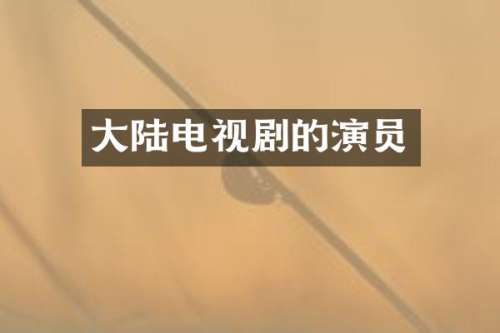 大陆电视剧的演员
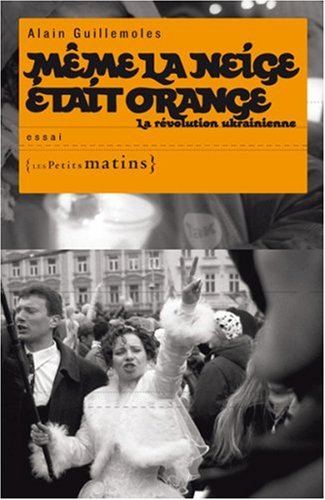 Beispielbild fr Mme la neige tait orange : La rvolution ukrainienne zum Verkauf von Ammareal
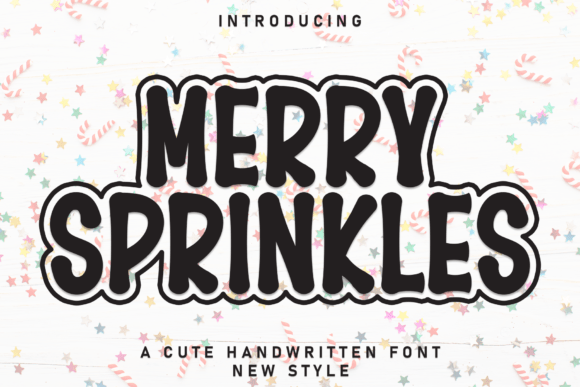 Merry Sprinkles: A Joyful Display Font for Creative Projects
☆ ☆ ☆ ☆ ☆
Exercise description: Could you retype each line of the material above exactly, skipping the pictures?

Answer to this problem:
 大陆电视剧的演员
 Beispielbild fr Mme la neige tait orange : La rvolution ukrainienne zum Verkauf von Ammareal
 Merry Sprinkles: A Joyful Display Font for Creative Projects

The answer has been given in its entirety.